『監督・ばんざい!』70点(100点満点中)
2007年6月1日よりテアトルタイムズスクエアほか全国にて公開 2007年/日本/104分/配給:東京テアトル、オフィス北野

99%の人にとっては0点

なぜこの点数なんだと思うかもしれないが、そこだけ見て判断しないでほしい。これは「ビートたけしのやることならすべて受け入れられる」という特殊な人がみてギリギリこのくらいだろうという点数であり、それ以外の人にとってこの映画はおそらく0点である。

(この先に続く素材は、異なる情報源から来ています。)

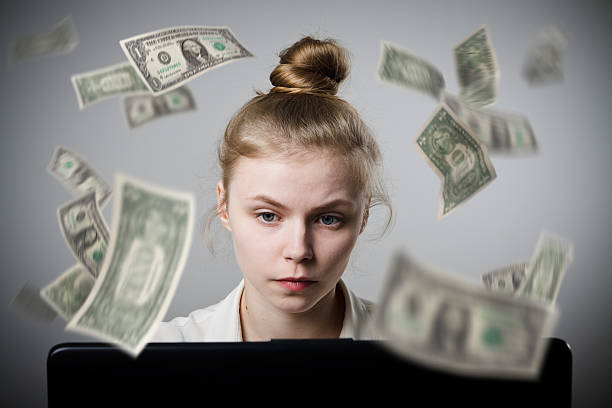 istock Woman earns dollars on the internet 513472732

主人公の映画監督キタノ(ビートたけし)は、得意のギャング映画を「二度と撮らない」と宣言してしまった。そこで、これまで撮ったことのない小津安二郎風のドラマや流行の昭和ノスタルジーもの、ホラーやらラブストーリーに挑戦するがどれも性に合わない。そんな彼がたどりついた詐欺師とその娘を主人公にしたストーリーは、しかしそのどれよりも無茶苦茶なものだった。

『ALWAYS』風の昭和懐古ものを撮ってみたら、治安の悪い下町でとてつもなく貧乏なガキどもが暴れまくる、夢のかけらもないどころかあまりにリアルすぎてシャレにならない映画になった。北野監督が典型的な人気ジャンルを手がけると、こんな風になるよ的なショートムービーの連続で、前半は大いに笑わせる。冗談とはいえそれぞれの作品は豪華なキャストと本格的な撮影でクオリティが高く、大いに見ごたえがある。

とはいえ、一般人がついていけるのはそこまで。中盤以降、詐欺師のストーリーが始まってからはナンセンスの度合いが際限なく増幅をはじめ、観客を突き放していく。わかりにくいと言われた『TAKESHIS’』が幼児用おもちゃに見えるくらい、すべてが意味不明でぶち壊れている。

かつてビートたけしは「たけしの挑戦状」なる確信的クソゲーを発表し、当時の子供たちの常識を破壊した。なにしろこれ、絶対にクリヤーできないほど難易度が高い凶悪な一本なのだ。だいたい、コントローラーのマイクで歌を上手に歌わなければ先にいけないなどという発想を、どこの誰ができるというのだ。これを体験した子供たちは、たけしという男の持つ、既存のジャンルを壊す発想と創造力に驚き、敬意を払ったものだ。

しかし家庭用ゲーム黎明期には通じたその破壊力も、映画という成熟した大きなジャンルが相手では、大海に毒を投じるようなもの。悲しいかな空回りである。北野監督が本作でやった無茶苦茶は、残念ながら目の肥えた映画ファンたちにとっては、それほど驚かされるほどのものではない。

むしろコメディーとしてはギャグをことごとく外しており、あの圧倒的な笑いの才能についに陰りが見えはじめたのかと、個人的にはとても寂しいものがあった。正直なところ、これを撮ったときの北野監督は精神面での体調が悪かったのではないかと心配になった。

『監督・ばんざい!』は、既存のジャンルを壊すという北野監督の特長を一見踏襲しているように見えるが、方向性を誤った失敗作だと私は判断する。どんなに向こう見ずなことをしてもそこに戦略的計算を感じさせる彼の才能が、今回私にはまったく見えなかった。もし次回もこの手の映画を作ってしまったら、さすがに北野映画のブランド力も終わるだろう。